Observability Stack Configuration#

Configure storage and retention for Prometheus#

  1. Create a new YAML file on the head node for this setup:

    cat << EOF > prom_config.yaml
    prometheus:
      prometheusSpec:
        retention: 90d
        storageSpec:
          volumeClaimTemplate:
            spec:
              accessModes: ["ReadWriteOnce"]
              storageClassName: local-path
              resources:
                requests:
                  storage: 300Gi
    EOF
    
  2. Install/upgrade CRDs:

    helm pull oci://master.cm.cluster:5000/helm-charts/kube-prometheus-stack --untar \
        --ca-file /cm/local/apps/containerd/var/etc/certs.d/master.cm.cluster:5000/ca.crt
    kubectl apply -f kube-prometheus-stack/charts/crds/crds/ --server-side
    
  3. With the configuration file in place, apply these values to the K8s cluster:

    helm upgrade kube-prometheus-stack ./kube-prometheus-stack \
        -n prometheus -f prom_config.yaml --reuse-values
    

Configure storage and retention for Loki#

This will require a redeployment of the Helm chart for Loki as we need to set a new storage value and we can’t resize this live.

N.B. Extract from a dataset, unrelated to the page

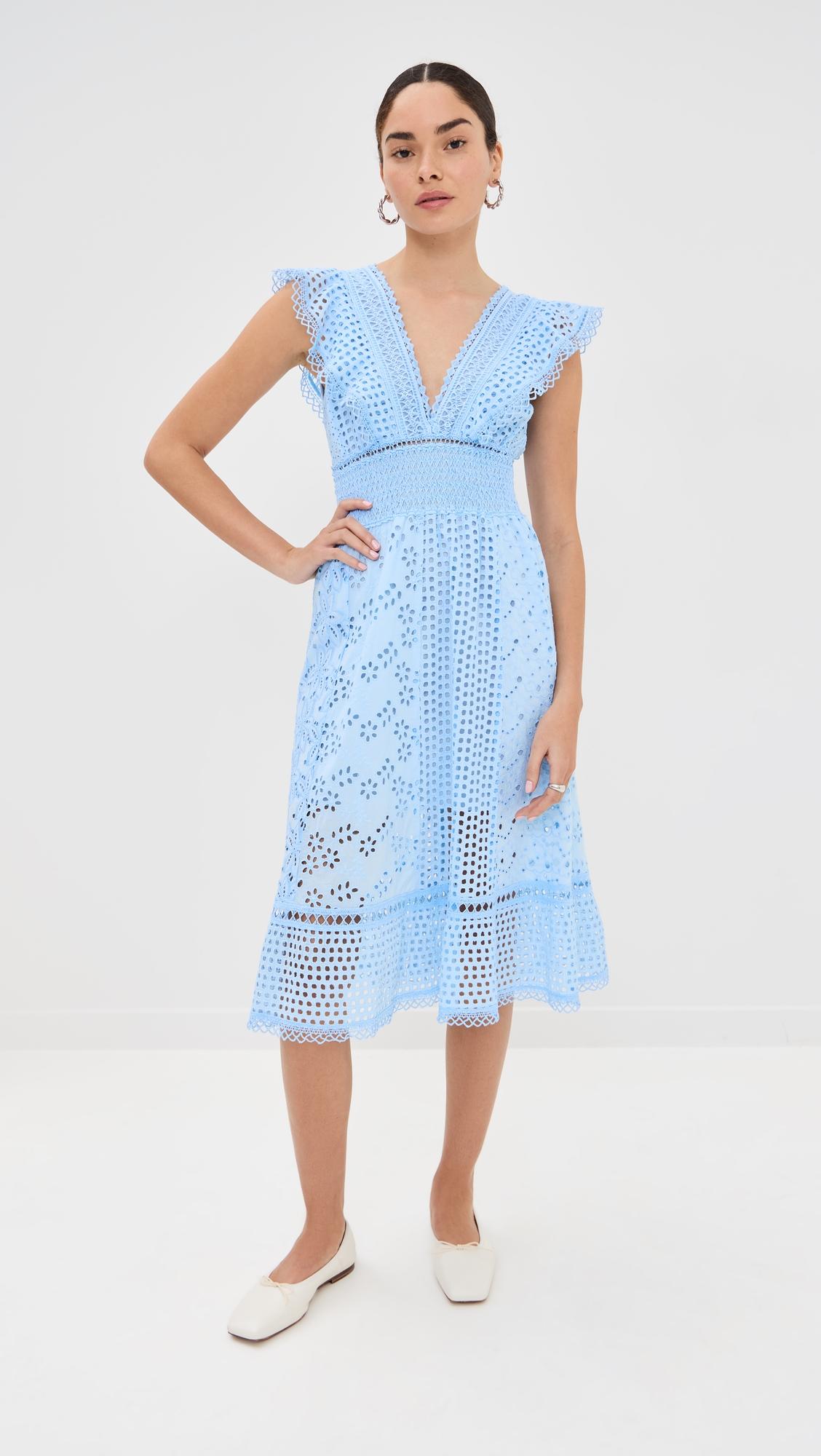arno embroidered midi dress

  1. Create a new YAML file on the head node for this setup:

    cat << EOF > loki_config.yaml
    global:
      image:
        registry: master.cm.cluster:5000
    memcached:
      image:
        repository: library/memcached
    backend:
      replicas: 3
    chunksCache:
      writebackSizeLimit: 500MB
    commonConfig:
      replication_factor: 3
    compactor:
      replicas: 0
    deploymentMode: SimpleScalable
    distributor:
      maxUnavailable: 0
      replicas: 0
    indexGateway:
      maxUnavailable: 0
      replicas: 0
    ingester:
      replicas: 0
    loki:
      limits_config:
        ingestion_rate_mb: 75
        ingestion_burst_size_mb: 150
        per_stream_rate_limit: 16MB
        per_stream_rate_limit_burst: 64MB
        retention_period: 90d
      auth_enabled: false
      commonConfig:
        replication_factor: 3
      schemaConfig:
        configs:
        - from: '2025-09-04'
          index:
            period: 24h
            prefix: loki_index_
          object_store: s3
          schema: v13
          store: tsdb
      storage:
        type: s3
        bucketNames:
        chunks: loki-chunks-bucket
        ruler: loki-ruler-bucket
        admin: loki-admin-bucket
    minio:
      enabled: true
      persistence:
        size: 500Gi
      image:
        repository: master.cm.cluster:5000/minio/minio
      mcImage:
        repository: master.cm.cluster:5000/minio/mc
    querier:
      maxUnavailable: 0
      replicas: 0
    queryFrontend:
      maxUnavailable: 0
      replicas: 0
    queryScheduler:
      replicas: 0
    read:
      replicas: 3
    singleBinary:
      replicas: 0
    write:
      replicas: 3
    EOF
    
  2. Uninstall the existing Helm chart:

    helm uninstall loki -n loki
    
  3. Delete any lingering PVCs:

    kubectl delete pvc --all -n loki
    
  4. Install the Helm chart for Loki, using the new values:

    helm install loki oci://master.cm.cluster:5000/helm-charts/loki --ca-file \
        /cm/local/apps/containerd/var/etc/certs.d/master.cm.cluster:5000/ca.crt \
        -n loki -f loki_config.yaml
    

Configure Observability#

Follow the instructions in the following sections on the nmc-observability-stack-configuration page:

  1. Enable Prometheus scrape endpoint in BCM

  2. Configure Prometheus to scrape metrics from BCM endpoint

  3. Configure Prometheus to scrape metrics from DCGM endpoints

  4. Grafana and querying BCM metrics

  5. Reduce BCM monitoring directory size

Install NMC Grafana dashboards#

As part of NVIDIA Mission Control, a set of Grafana dashboards are provided that consolidate monitoring data across the cluster. These dashboards help track ongoing operations and support troubleshooting. This dashboard serves as a starting point for visualizing infrastructure telemetry. It is encouraged to modify or extend it based on the facility’s capabilities.

Prerequisites#

To take advantage of all dashboard features, install and configure the Infinity plugin and data sources to process data from the BCM REST API and UFM REST API.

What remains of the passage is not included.